▶ What is required: Please copy all of the entries exactly, but drop every picture.

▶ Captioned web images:

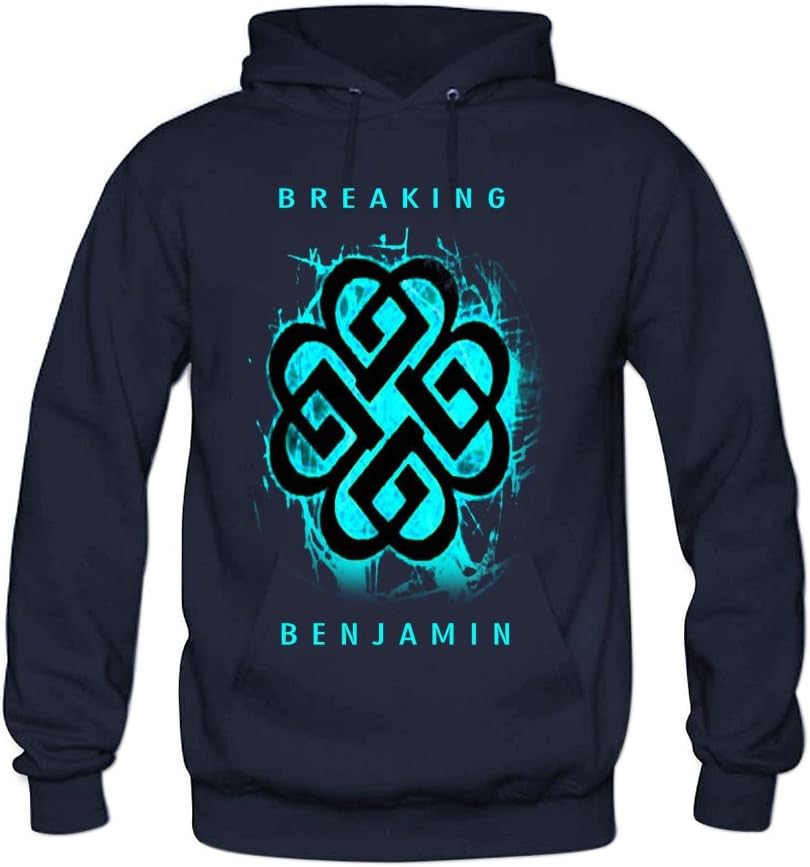 Patrick j Rafferty Women's Breaking Benjamin Hooded Sweatshirt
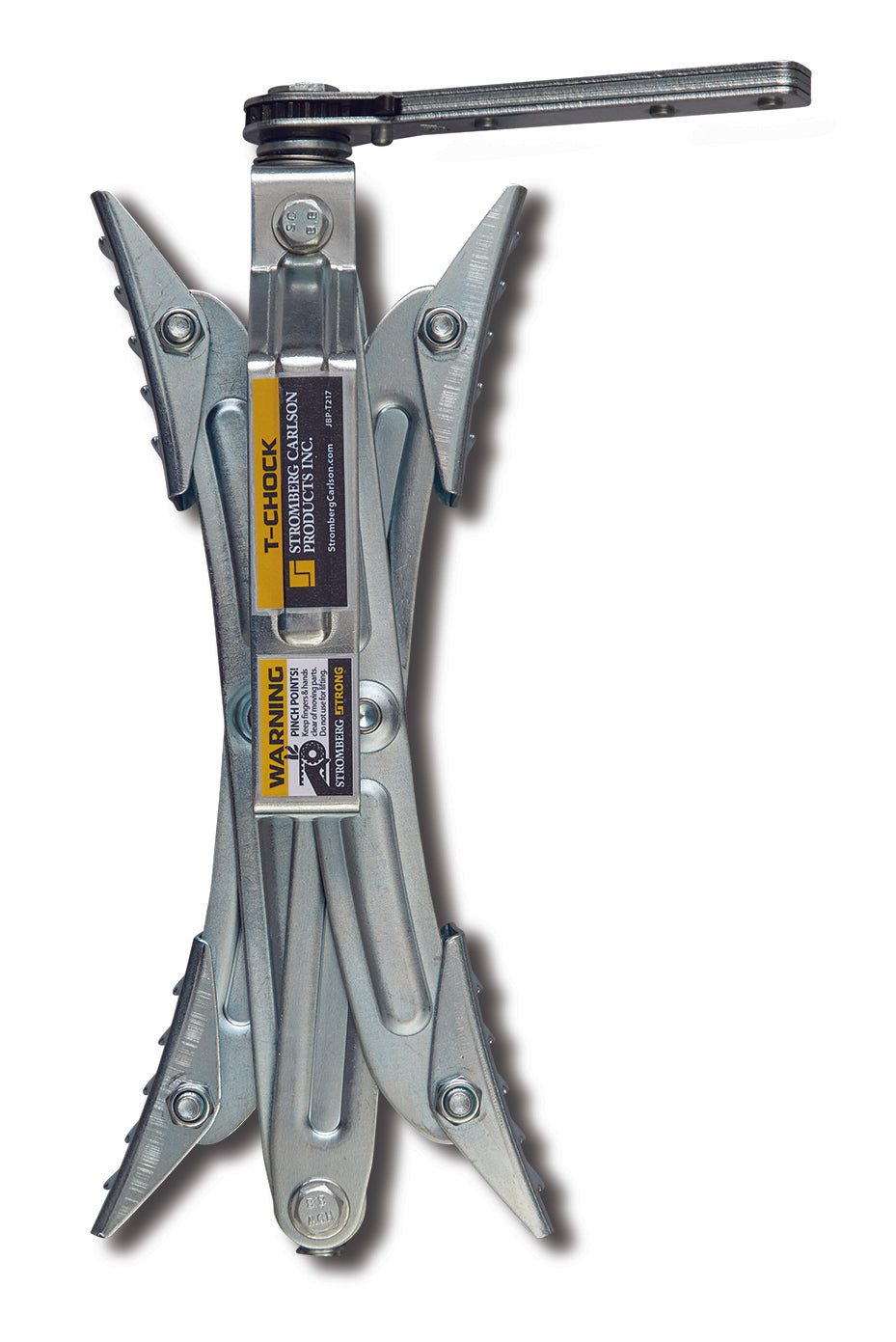 Product of Stromberg Carlson Jbp-T217.2 Wheel Chock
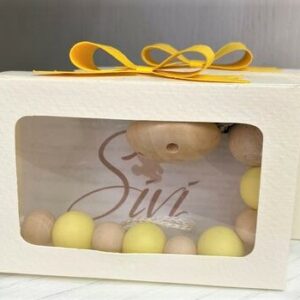 PORTACIUCCIO LEGNO E SILICONE ARTIGIANALE - immagine 9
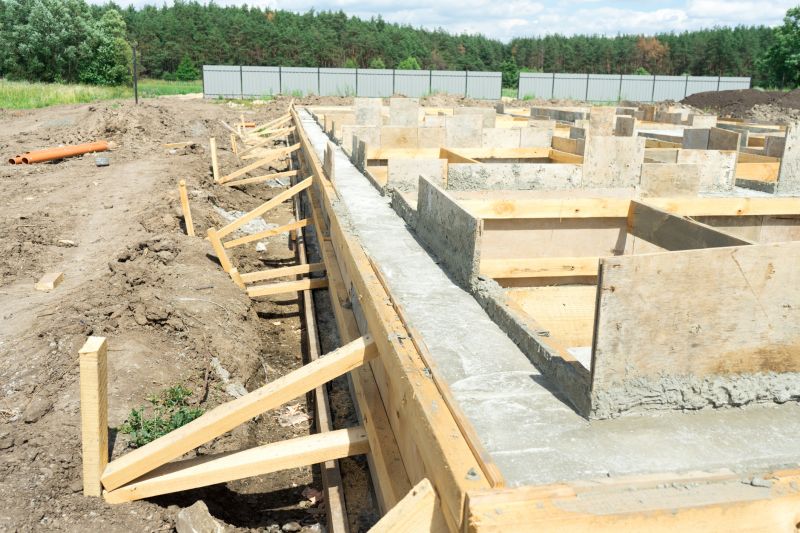 Foundation Footer Installation in Fort Myers, FL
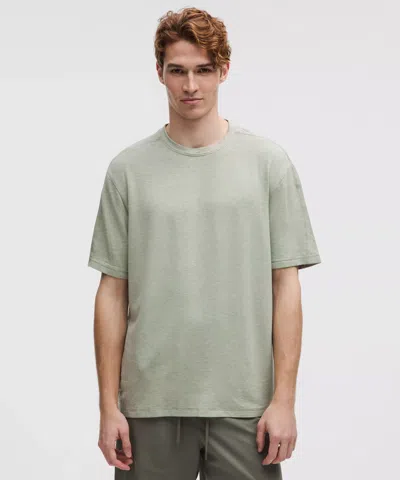 Lululemon Becalm Relaxed-fit Short-sleeve Shirt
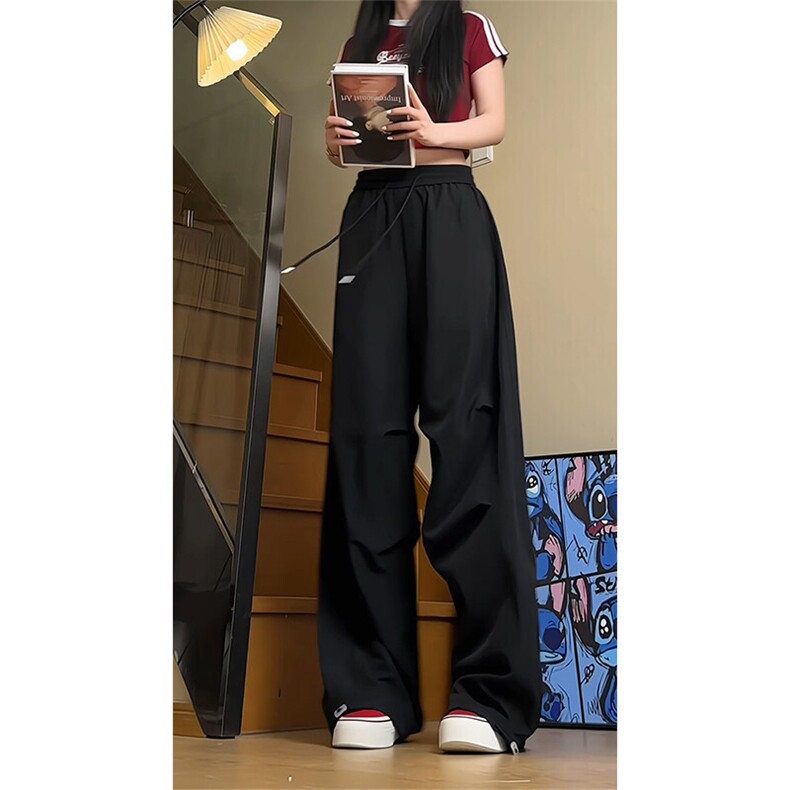 主推大货~夏季冰丝速干休闲裤宽松阔腿街舞伞兵裤A531特P35,男装休闲裤,电商A309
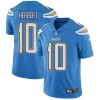 Nike Chargers #10 Justin Herbert Electric Blue Alternate Stitched NFL Vapor Untouchable Limited Jersey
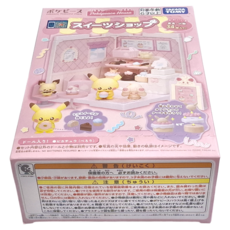 TAKARA TOMY 寶可夢 Pokepeace 娃娃屋 甜點屋, 皮卡丘, 1個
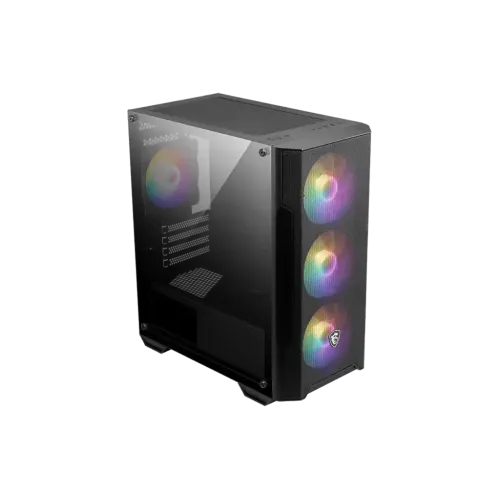 MSI MAG FORGE M100A Micro ATX Tower Gaming Case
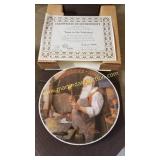 Vintage Bradford Exchange Collector Plate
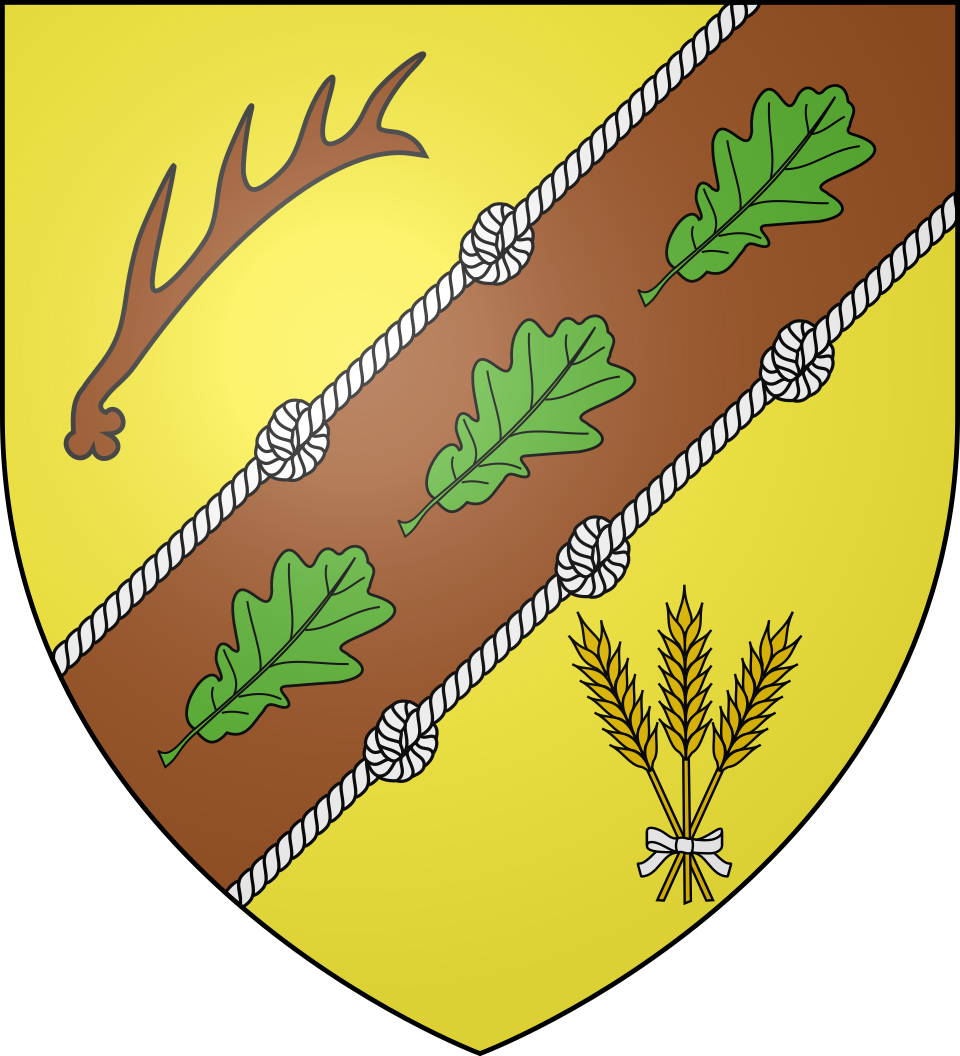 Fayl:Blason ville fr Chanteau (Loiret).svg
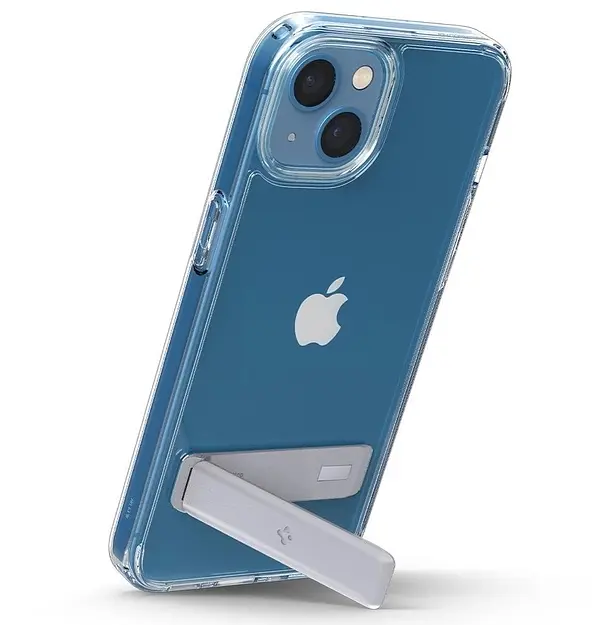 Чохол Spigen Ultra Hybrid S iPhone 14 Прозорий - фото 3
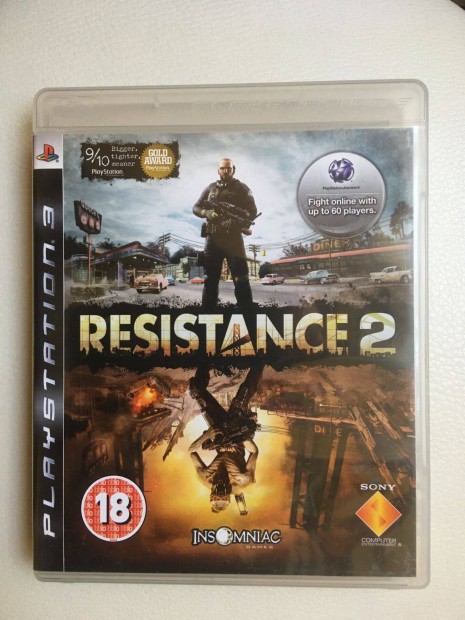 Resistance 2 Playstation 3 jtk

▶ Response:
 Patrick j Rafferty Women's Breaking Benjamin Hooded Sweatshirt
 Product of Stromberg Carlson Jbp-T217.2 Wheel Chock
 PORTACIUCCIO LEGNO E SILICONE ARTIGIANALE - immagine 9
 Foundation Footer Installation in Fort Myers, FL
 Lululemon Becalm Relaxed-fit Short-sleeve Shirt
 主推大货~夏季冰丝速干休闲裤宽松阔腿街舞伞兵裤A531特P35,男装休闲裤,电商A309
 Nike Chargers #10 Justin Herbert Electric Blue Alternate Stitched NFL Vapor Untouchable Limited Jersey
 TAKARA TOMY 寶可夢 Pokepeace 娃娃屋 甜點屋, 皮卡丘, 1個
 MSI MAG FORGE M100A Micro ATX Tower Gaming Case
 Vintage Bradford Exchange Collector Plate
 Fayl:Blason ville fr Chanteau (Loiret).svg
 Чохол Spigen Ultra Hybrid S iPhone 14 Прозорий - фото 3
 Resistance 2 Playstation 3 jtk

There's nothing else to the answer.